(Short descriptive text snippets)
###

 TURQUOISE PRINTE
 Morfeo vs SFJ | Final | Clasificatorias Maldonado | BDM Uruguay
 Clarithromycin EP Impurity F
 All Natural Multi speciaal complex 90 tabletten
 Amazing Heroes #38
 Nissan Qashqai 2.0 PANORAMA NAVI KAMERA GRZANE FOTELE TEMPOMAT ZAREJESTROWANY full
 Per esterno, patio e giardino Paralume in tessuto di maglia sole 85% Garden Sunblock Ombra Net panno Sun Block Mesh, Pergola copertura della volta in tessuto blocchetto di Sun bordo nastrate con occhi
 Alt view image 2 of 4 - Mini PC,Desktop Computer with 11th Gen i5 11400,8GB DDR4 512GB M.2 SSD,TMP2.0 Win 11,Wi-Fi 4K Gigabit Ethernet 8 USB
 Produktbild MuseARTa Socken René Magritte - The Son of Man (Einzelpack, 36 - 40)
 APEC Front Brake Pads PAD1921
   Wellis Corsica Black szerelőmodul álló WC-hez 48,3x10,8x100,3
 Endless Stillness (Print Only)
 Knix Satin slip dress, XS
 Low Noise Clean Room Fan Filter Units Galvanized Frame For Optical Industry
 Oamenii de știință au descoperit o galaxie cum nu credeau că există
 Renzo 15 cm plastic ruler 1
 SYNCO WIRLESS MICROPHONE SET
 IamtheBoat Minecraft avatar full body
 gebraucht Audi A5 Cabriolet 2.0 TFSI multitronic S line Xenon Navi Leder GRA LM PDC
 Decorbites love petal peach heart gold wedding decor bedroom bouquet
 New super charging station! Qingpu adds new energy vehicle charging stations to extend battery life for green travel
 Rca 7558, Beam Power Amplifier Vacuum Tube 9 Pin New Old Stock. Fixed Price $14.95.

###

(Task item): From the line containing "New super charging" to the final line of the data, repeat each line exactly. Include both ends.

(Response to the task):
 New super charging station! Qingpu adds new energy vehicle charging stations to extend battery life for green travel
 Rca 7558, Beam Power Amplifier Vacuum Tube 9 Pin New Old Stock. Fixed Price $14.95.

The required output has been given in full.